### What to do
Below is a set of entries. Reproduce exactly the lines from the one containing "Page Overview du Tableau de bord Mintlify." through the end, both included.

(Scraped caption text data)
------------

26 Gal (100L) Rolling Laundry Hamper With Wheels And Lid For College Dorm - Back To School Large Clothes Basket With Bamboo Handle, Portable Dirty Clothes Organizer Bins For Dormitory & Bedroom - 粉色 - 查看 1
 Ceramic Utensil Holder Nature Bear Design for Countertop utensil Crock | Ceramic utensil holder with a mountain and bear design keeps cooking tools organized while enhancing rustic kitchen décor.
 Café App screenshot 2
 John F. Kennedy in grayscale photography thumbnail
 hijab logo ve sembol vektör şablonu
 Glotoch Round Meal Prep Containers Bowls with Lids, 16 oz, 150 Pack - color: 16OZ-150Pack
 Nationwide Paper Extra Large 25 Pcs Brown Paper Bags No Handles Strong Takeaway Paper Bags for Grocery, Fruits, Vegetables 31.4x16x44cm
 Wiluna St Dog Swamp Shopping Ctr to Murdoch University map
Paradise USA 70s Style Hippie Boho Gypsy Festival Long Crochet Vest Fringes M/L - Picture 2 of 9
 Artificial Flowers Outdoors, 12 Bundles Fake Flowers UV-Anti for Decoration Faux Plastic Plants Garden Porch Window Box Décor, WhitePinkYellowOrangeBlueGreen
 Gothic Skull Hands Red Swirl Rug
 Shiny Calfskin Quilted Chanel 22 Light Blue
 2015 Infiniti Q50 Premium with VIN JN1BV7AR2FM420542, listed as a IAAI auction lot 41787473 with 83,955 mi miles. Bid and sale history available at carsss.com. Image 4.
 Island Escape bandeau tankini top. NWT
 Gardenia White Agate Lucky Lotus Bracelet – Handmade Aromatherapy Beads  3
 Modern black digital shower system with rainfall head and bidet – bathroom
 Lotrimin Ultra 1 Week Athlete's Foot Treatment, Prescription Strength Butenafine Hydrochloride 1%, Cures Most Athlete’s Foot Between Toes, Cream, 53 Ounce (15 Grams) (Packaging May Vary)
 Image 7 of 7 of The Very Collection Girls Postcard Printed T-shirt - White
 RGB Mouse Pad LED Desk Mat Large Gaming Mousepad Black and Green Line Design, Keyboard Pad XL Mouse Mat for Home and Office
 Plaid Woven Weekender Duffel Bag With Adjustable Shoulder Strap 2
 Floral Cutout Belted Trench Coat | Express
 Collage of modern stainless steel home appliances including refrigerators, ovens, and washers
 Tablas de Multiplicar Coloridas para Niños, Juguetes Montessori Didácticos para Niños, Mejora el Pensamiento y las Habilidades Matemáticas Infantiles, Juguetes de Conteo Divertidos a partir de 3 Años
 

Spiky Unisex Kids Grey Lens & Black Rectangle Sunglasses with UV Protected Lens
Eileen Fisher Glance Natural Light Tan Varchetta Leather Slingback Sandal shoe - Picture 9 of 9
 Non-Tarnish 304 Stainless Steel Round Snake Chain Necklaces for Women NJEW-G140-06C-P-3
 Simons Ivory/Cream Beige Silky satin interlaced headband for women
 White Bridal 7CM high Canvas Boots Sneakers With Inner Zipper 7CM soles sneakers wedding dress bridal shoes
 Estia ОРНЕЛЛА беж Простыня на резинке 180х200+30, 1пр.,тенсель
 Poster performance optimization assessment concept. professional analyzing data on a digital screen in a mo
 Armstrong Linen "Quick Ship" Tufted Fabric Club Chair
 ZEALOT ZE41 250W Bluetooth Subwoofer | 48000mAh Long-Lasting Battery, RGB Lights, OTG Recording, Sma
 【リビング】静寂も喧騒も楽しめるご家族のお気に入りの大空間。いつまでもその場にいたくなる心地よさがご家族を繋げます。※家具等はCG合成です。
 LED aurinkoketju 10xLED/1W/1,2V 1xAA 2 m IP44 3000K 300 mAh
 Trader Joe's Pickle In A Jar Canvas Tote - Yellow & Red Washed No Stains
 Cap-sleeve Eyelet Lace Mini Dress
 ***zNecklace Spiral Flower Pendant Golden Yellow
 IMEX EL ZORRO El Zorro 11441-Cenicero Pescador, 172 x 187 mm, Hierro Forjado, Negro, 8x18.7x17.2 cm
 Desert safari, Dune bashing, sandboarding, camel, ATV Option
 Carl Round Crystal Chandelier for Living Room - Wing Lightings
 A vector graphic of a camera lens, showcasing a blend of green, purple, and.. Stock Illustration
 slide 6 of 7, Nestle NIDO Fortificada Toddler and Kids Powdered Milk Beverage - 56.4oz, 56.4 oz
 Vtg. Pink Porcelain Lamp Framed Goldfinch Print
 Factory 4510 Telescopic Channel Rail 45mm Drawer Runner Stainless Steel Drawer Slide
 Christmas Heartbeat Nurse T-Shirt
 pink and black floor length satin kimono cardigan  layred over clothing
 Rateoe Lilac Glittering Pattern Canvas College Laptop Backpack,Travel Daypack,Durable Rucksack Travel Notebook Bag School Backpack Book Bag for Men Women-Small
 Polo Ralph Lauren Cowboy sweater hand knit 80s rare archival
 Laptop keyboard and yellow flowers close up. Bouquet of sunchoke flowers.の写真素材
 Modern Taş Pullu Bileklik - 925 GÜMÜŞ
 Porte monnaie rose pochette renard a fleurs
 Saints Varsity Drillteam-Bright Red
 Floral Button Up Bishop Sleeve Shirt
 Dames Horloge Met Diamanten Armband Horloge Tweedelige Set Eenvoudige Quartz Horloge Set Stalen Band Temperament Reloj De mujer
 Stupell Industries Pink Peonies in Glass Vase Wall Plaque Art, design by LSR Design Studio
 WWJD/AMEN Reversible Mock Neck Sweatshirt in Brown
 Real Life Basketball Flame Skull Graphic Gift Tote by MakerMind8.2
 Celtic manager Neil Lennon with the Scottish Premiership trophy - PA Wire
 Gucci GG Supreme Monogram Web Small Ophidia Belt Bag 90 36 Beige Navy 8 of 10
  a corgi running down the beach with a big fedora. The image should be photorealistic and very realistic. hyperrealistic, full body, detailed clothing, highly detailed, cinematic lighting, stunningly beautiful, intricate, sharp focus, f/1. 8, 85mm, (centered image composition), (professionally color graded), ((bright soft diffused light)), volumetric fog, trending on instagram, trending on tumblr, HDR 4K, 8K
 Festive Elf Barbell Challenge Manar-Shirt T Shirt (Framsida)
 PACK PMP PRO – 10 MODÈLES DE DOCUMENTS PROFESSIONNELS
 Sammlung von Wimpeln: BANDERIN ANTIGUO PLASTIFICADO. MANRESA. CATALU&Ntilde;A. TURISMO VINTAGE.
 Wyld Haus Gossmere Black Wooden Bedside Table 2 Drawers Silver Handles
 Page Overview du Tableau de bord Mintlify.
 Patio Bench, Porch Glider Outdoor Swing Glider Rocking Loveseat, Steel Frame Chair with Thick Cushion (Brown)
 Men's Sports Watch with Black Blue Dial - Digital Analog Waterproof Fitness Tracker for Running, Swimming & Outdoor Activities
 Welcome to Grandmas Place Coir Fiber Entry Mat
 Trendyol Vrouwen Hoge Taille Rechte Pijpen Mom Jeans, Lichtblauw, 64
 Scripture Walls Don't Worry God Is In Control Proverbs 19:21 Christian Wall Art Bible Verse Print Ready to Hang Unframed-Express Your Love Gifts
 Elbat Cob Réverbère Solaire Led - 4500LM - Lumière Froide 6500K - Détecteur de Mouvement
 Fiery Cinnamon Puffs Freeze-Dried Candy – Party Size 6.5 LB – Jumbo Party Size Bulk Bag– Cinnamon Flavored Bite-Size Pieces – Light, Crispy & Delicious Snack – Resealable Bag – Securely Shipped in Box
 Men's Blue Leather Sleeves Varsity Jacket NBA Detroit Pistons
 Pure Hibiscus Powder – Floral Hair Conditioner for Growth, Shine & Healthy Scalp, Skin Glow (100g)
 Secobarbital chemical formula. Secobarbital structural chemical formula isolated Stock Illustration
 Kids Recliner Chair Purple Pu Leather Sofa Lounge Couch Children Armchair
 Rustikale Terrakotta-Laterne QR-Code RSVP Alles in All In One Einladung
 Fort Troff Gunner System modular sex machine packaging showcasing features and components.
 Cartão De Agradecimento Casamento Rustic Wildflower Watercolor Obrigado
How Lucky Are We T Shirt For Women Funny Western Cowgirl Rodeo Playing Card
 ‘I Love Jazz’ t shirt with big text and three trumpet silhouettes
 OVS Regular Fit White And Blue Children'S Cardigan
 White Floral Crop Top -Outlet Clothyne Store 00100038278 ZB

------------

### Response to the task
 Page Overview du Tableau de bord Mintlify.
 Patio Bench, Porch Glider Outdoor Swing Glider Rocking Loveseat, Steel Frame Chair with Thick Cushion (Brown)
 Men's Sports Watch with Black Blue Dial - Digital Analog Waterproof Fitness Tracker for Running, Swimming & Outdoor Activities
 Welcome to Grandmas Place Coir Fiber Entry Mat
 Trendyol Vrouwen Hoge Taille Rechte Pijpen Mom Jeans, Lichtblauw, 64
 Scripture Walls Don't Worry God Is In Control Proverbs 19:21 Christian Wall Art Bible Verse Print Ready to Hang Unframed-Express Your Love Gifts
 Elbat Cob Réverbère Solaire Led - 4500LM - Lumière Froide 6500K - Détecteur de Mouvement
 Fiery Cinnamon Puffs Freeze-Dried Candy – Party Size 6.5 LB – Jumbo Party Size Bulk Bag– Cinnamon Flavored Bite-Size Pieces – Light, Crispy & Delicious Snack – Resealable Bag – Securely Shipped in Box
 Men's Blue Leather Sleeves Varsity Jacket NBA Detroit Pistons
 Pure Hibiscus Powder – Floral Hair Conditioner for Growth, Shine & Healthy Scalp, Skin Glow (100g)
 Secobarbital chemical formula. Secobarbital structural chemical formula isolated Stock Illustration
 Kids Recliner Chair Purple Pu Leather Sofa Lounge Couch Children Armchair
 Rustikale Terrakotta-Laterne QR-Code RSVP Alles in All In One Einladung
 Fort Troff Gunner System modular sex machine packaging showcasing features and components.
 Cartão De Agradecimento Casamento Rustic Wildflower Watercolor Obrigado
How Lucky Are We T Shirt For Women Funny Western Cowgirl Rodeo Playing Card
 ‘I Love Jazz’ t shirt with big text and three trumpet silhouettes
 OVS Regular Fit White And Blue Children'S Cardigan
 White Floral Crop Top -Outlet Clothyne Store 00100038278 ZB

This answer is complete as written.